Traditional air quality measurement stations typically require regular maintenance by qualified technicians every one to two weeks. This is sufficient for small air quality monitoring networks, like the 15 monitoring sites maintained by the city of Hamburg, but it is unsustainable for larger networks run by cost-effective air quality sensors. Regular on-site maintenance of dozens or even hundreds of air quality sensors is practically impossible. In addition, the measurement data of traditional air monitoring networks is only available after extensive testing – often weeks or even months later. This makes the administration of a large air quality network labour-intensive and inefficient.

Because of this, Breeze Technologies’ sensors are fully integrated with our proprietary Environmental Intelligence Cloud: this allows for air quality data to be measured and sent to the cloud in real-time. There, the information is checked for plausibility, calibrated, quality-assured, and stored for further usage in the cloud’s analytics portal or in external dashboards and platforms through web APIs. The entire process only takes a fraction of a second, from sensor sampling to the verified dataset being available. As Haris Sefo, the Head of Science at Breeze Technologies explains: “We have moved as much of the complexity of air quality measurement as possible to the cloud, especially regarding quality assurance and data processing. This eliminates the need to have specialists on site for calibration, minimizes maintenance costs, and thus makes air quality sensors easier and more cost-effective to set-up. As a result, all necessary calibrations take place remotely via our Environmental Intelligence Cloud instead.” 

Cloud-enabled air quality sensors allow for external influences to be eliminated by artificial intelligence (AI)

Prior to installation, sensors are calibrated in Breeze Technologies’ laboratories using reference instruments in order to match with the environmental conditions of the measurement site. The fact that many data streams are gathered in a central cloud platform means that data quality can be further improved. The collected data is used to train AI models that calculate external influencing factors such as cross-sensitivities from measured data. An example: Cheaper particulate matter sensors can sometimes detect fog as fine particulates. Factors such as this can thus be taken into account in plausibility checks and real-time calibration if local weather information is available together with the measurement data.

The accuracy and reliability of our cloud-based calibration is regularly verified in customer projects and in our own reference and comparison measurements. 

Cloud-enabled air quality sensors allow for constantly improving measurement networks

In the same way Tesla vehicles are constantly being upgraded with additional features and better engine performance via software updates, so are Breeze Technologies’ air quality monitoring networks constantly being improved upon. For one, measurements are becoming more accurate: the more data is available for training our AI calibration models, the better they can detect outliers and edge cases and process the data accordingly. Even completely new functions can be realized based on measurement data, such as the detection of wildfires based on changes in air quality.

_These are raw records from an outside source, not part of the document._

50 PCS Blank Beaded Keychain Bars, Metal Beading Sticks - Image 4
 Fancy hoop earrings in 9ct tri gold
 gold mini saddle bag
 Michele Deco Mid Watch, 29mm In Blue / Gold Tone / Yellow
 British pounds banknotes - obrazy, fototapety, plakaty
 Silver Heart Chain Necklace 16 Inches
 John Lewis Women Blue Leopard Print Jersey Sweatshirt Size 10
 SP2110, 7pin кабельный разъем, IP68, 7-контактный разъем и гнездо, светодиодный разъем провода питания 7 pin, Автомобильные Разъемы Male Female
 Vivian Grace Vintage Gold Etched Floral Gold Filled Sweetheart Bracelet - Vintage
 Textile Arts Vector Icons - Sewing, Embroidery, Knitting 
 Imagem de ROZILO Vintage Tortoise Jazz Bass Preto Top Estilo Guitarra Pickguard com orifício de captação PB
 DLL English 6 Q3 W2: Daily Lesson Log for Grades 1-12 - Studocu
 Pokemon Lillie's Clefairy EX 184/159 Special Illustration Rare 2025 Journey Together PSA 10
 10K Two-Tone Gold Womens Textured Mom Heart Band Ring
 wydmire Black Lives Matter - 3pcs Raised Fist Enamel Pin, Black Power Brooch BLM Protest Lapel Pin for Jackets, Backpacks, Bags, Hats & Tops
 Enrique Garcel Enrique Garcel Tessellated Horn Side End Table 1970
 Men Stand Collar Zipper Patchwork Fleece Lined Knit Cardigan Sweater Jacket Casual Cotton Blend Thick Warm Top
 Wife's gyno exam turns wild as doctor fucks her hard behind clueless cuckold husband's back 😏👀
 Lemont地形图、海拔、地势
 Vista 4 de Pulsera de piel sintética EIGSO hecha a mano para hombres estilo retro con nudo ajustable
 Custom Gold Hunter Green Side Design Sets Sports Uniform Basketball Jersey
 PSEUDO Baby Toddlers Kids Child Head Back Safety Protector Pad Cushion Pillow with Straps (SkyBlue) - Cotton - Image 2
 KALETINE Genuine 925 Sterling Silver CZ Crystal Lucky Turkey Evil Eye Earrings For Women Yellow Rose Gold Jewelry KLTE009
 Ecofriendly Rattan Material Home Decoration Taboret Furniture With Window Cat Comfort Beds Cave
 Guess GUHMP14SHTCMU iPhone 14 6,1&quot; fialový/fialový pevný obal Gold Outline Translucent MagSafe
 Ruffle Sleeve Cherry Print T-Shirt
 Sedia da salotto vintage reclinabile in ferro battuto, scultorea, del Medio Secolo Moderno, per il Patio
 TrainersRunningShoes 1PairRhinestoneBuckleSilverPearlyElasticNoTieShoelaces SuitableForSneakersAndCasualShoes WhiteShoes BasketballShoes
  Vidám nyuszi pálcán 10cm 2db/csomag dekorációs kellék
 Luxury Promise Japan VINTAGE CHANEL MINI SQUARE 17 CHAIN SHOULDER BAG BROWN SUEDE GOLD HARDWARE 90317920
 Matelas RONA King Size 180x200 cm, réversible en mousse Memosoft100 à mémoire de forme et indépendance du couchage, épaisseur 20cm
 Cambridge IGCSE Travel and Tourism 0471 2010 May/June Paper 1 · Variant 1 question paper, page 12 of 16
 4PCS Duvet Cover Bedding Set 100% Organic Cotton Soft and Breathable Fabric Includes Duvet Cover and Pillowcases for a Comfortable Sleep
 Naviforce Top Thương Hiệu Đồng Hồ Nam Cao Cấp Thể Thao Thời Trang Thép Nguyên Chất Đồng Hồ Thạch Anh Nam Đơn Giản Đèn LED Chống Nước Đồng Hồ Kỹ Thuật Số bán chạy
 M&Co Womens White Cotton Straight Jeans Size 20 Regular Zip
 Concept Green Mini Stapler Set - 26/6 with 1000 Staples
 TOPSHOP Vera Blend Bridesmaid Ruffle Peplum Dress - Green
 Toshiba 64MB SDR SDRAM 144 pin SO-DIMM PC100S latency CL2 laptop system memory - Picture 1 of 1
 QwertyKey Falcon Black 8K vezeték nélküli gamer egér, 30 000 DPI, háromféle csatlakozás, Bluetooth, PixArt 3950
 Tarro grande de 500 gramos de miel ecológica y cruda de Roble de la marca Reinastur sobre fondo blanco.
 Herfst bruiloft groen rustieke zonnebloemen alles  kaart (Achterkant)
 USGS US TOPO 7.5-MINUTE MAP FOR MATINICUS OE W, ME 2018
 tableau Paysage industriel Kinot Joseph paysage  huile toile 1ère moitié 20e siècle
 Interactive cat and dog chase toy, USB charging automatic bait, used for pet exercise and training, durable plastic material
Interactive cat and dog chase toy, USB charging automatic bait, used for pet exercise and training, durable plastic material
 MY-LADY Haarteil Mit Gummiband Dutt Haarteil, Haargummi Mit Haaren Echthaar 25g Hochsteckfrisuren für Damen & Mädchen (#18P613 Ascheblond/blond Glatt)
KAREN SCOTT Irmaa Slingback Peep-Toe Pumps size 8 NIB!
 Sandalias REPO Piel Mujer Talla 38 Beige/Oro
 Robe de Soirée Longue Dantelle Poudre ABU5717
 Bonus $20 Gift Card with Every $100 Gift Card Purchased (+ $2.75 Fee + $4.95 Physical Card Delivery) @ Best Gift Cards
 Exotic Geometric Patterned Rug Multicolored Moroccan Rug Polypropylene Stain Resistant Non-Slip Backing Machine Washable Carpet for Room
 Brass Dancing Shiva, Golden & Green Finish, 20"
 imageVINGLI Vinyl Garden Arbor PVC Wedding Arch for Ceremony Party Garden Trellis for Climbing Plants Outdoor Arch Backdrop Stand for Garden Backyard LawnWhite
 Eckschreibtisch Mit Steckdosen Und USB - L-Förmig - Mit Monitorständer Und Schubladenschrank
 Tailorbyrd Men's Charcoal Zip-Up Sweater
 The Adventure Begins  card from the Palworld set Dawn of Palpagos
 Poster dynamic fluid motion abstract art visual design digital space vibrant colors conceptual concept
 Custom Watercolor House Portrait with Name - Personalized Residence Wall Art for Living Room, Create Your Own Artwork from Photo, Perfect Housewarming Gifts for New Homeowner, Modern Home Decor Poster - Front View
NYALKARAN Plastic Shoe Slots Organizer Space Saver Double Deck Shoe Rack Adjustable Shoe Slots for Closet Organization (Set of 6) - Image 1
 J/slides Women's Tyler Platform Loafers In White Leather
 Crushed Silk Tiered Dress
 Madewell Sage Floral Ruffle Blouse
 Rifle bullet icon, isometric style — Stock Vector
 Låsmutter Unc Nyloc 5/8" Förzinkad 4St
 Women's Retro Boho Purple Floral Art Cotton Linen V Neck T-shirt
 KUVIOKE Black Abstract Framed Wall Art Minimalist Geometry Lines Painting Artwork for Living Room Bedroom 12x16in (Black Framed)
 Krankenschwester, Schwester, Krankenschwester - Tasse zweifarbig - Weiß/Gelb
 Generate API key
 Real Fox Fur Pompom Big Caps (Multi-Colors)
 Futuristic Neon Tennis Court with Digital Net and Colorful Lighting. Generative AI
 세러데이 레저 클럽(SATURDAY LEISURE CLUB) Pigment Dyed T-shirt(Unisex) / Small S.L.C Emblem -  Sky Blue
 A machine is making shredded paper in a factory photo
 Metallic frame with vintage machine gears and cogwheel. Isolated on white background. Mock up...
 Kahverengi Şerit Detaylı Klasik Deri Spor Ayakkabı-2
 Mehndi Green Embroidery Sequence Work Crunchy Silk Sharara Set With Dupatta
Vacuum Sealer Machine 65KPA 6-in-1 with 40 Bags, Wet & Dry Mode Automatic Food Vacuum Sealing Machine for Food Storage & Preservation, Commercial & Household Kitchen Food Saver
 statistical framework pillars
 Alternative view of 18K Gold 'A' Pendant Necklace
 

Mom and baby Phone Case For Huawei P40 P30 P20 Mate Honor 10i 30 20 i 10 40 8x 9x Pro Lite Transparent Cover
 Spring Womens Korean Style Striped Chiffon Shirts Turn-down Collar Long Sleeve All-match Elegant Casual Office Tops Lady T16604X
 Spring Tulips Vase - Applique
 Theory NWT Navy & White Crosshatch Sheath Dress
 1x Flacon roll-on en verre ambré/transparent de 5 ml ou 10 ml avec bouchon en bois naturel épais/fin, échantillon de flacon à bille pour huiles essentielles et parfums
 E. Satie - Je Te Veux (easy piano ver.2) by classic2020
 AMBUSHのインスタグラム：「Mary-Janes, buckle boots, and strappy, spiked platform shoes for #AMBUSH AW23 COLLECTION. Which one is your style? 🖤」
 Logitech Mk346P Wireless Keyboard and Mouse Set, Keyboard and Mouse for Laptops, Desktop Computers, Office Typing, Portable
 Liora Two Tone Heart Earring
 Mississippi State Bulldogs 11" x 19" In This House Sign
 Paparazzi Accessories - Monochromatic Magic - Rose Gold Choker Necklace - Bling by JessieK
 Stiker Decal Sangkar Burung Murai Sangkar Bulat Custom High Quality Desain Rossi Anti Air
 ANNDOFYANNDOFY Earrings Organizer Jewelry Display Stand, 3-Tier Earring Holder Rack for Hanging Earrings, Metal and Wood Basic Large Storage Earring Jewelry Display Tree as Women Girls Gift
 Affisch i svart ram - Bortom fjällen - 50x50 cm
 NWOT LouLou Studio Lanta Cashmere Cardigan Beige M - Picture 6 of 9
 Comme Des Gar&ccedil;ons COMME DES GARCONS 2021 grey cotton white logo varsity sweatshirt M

All in all, the support provided by integrating cloud functions in air quality measurement results in many benefits: users of air quality sensors and data no longer have to deal with time-consuming data calibration, plausibility checks, data preparation processes and similar issues; rather, they are now able to analyze and process the data directly. Providers of smart city and other platforms also benefit from this: the processed and calibrated data can be directly integrated into these systems via standardized REST/JSON APIs. The integration of air quality data is therefore no longer a complex scientific undertaking, but an efficient, low-effort process.